Work to be completed: Only the lines from the first line of the entries through the line with "Patio table" belong in the answer, each restated word for word and without pictures.

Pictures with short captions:
###

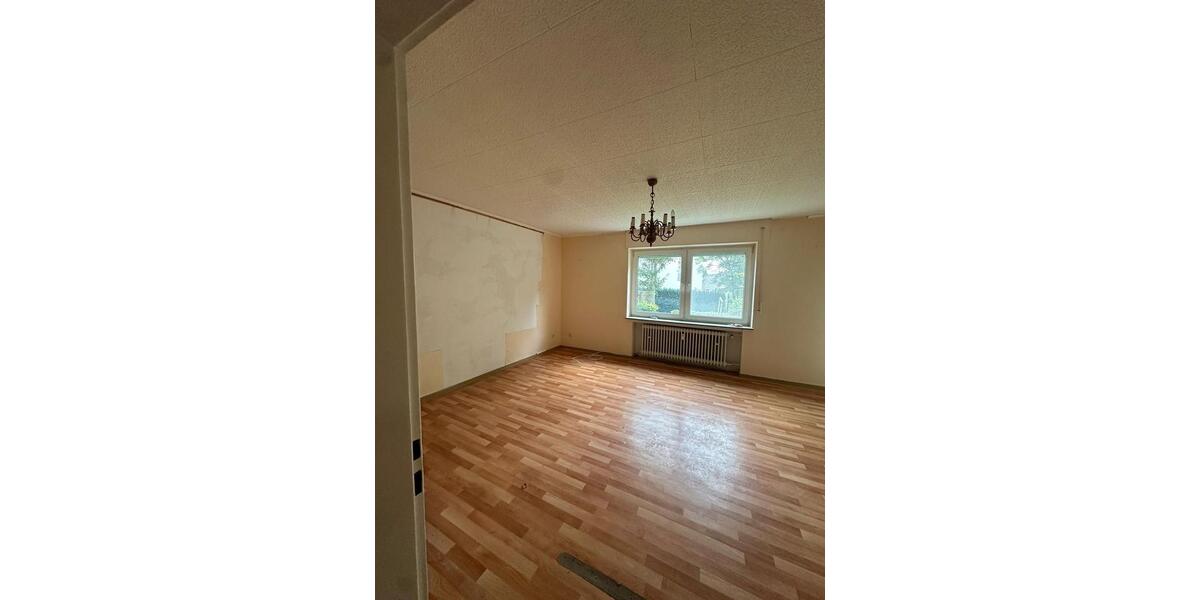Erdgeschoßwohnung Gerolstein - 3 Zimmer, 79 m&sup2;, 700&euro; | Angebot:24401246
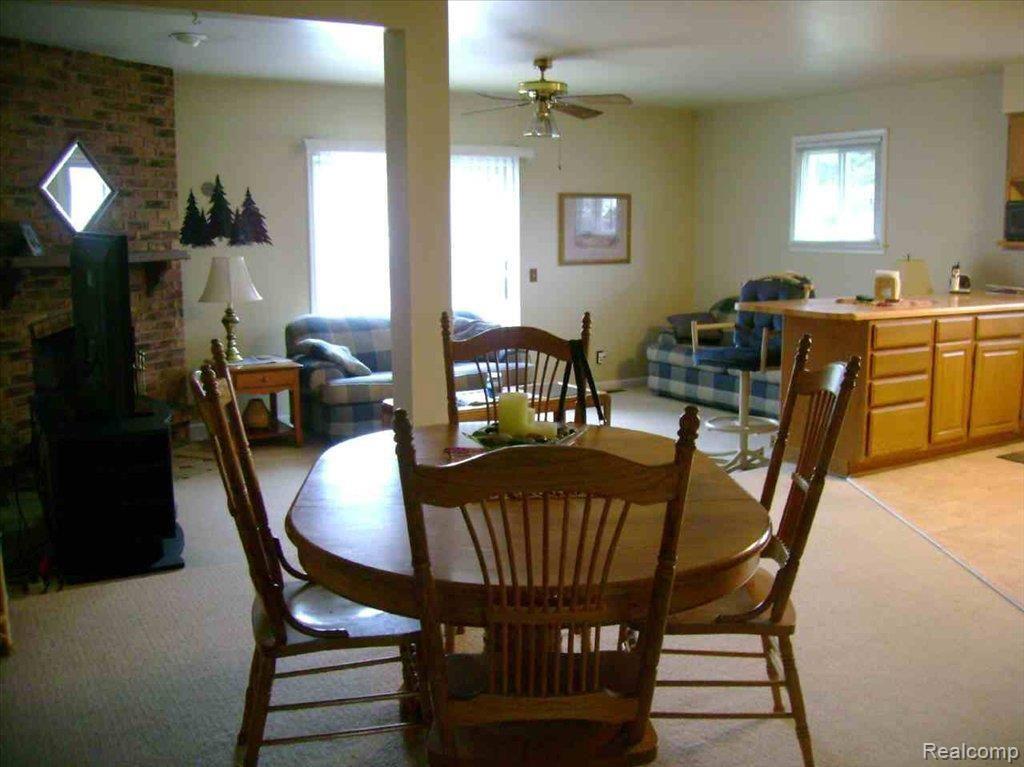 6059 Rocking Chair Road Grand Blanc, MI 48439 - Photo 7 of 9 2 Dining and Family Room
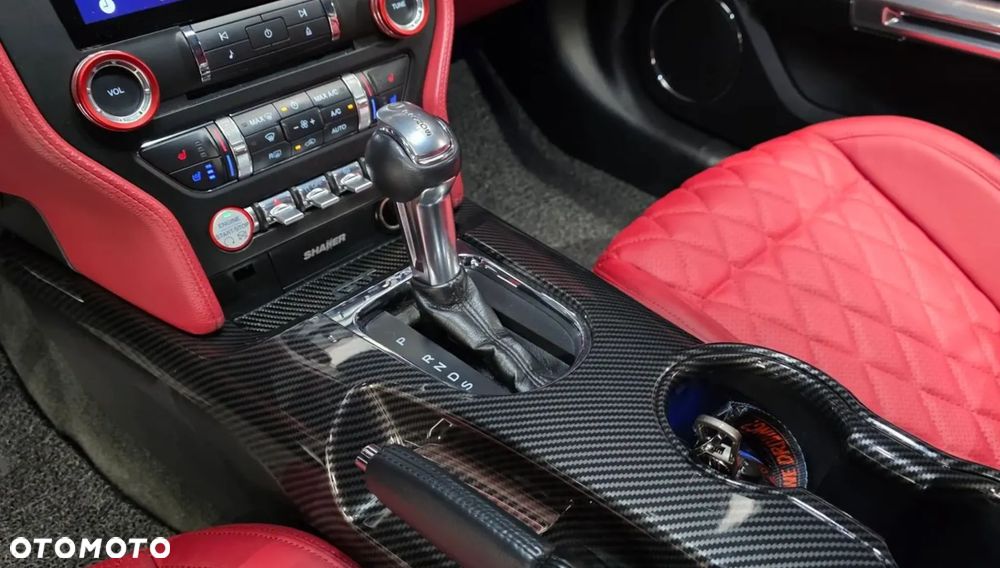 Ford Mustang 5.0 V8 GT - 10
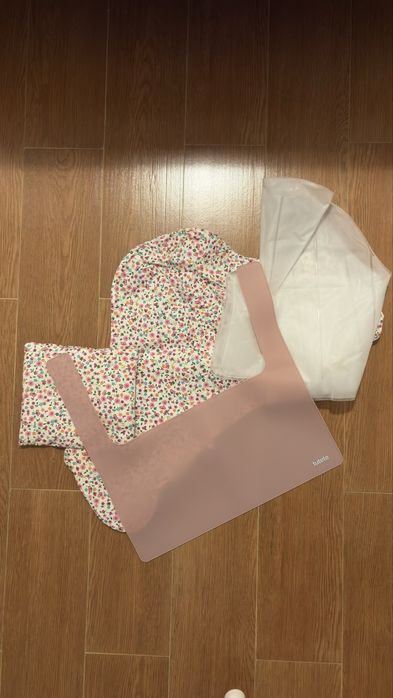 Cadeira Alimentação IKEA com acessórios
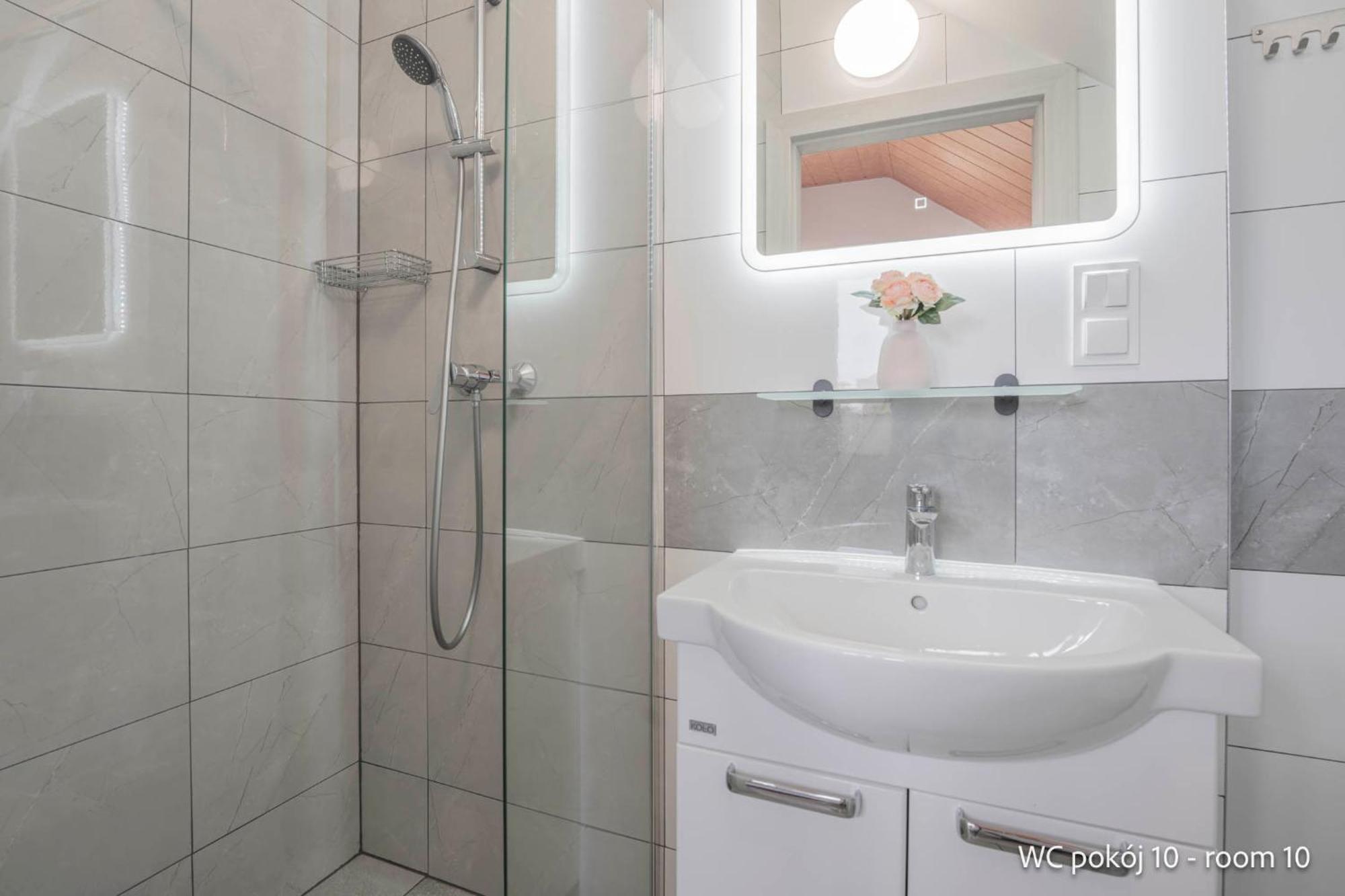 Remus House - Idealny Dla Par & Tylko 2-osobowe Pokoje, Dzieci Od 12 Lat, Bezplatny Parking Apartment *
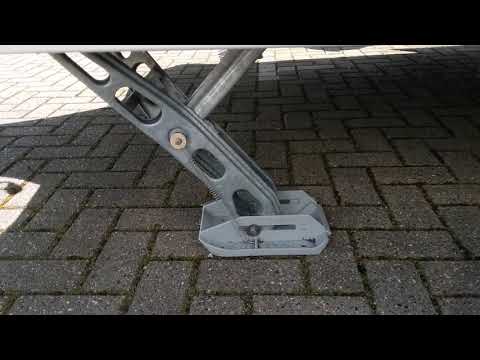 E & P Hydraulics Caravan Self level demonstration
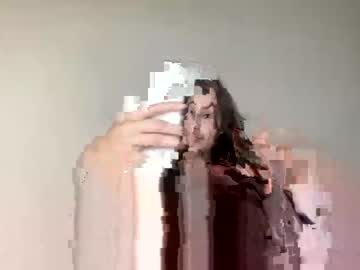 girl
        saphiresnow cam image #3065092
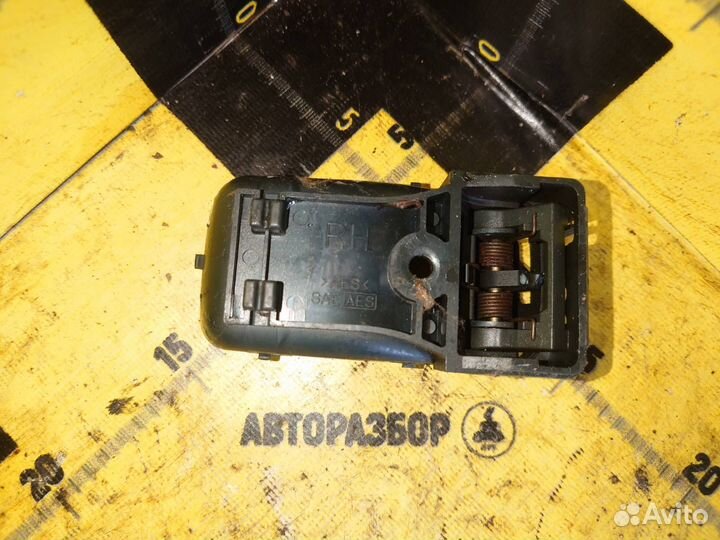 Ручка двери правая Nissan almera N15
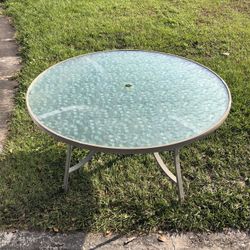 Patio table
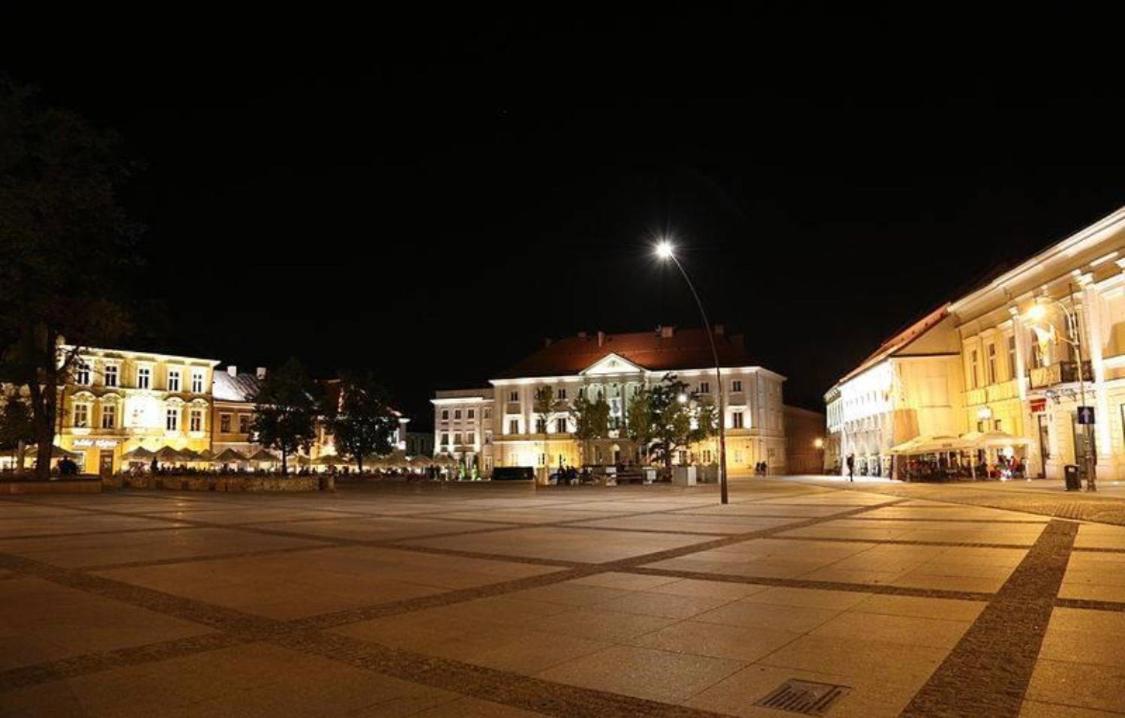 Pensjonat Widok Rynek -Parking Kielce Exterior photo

###

Answer below:
Erdgeschoßwohnung Gerolstein - 3 Zimmer, 79 m&sup2;, 700&euro; | Angebot:24401246
 6059 Rocking Chair Road Grand Blanc, MI 48439 - Photo 7 of 9 2 Dining and Family Room
 Ford Mustang 5.0 V8 GT - 10
 Cadeira Alimentação IKEA com acessórios
 Remus House - Idealny Dla Par & Tylko 2-osobowe Pokoje, Dzieci Od 12 Lat, Bezplatny Parking Apartment *
 E & P Hydraulics Caravan Self level demonstration
 girl
        saphiresnow cam image #3065092
 Ручка двери правая Nissan almera N15
 Patio table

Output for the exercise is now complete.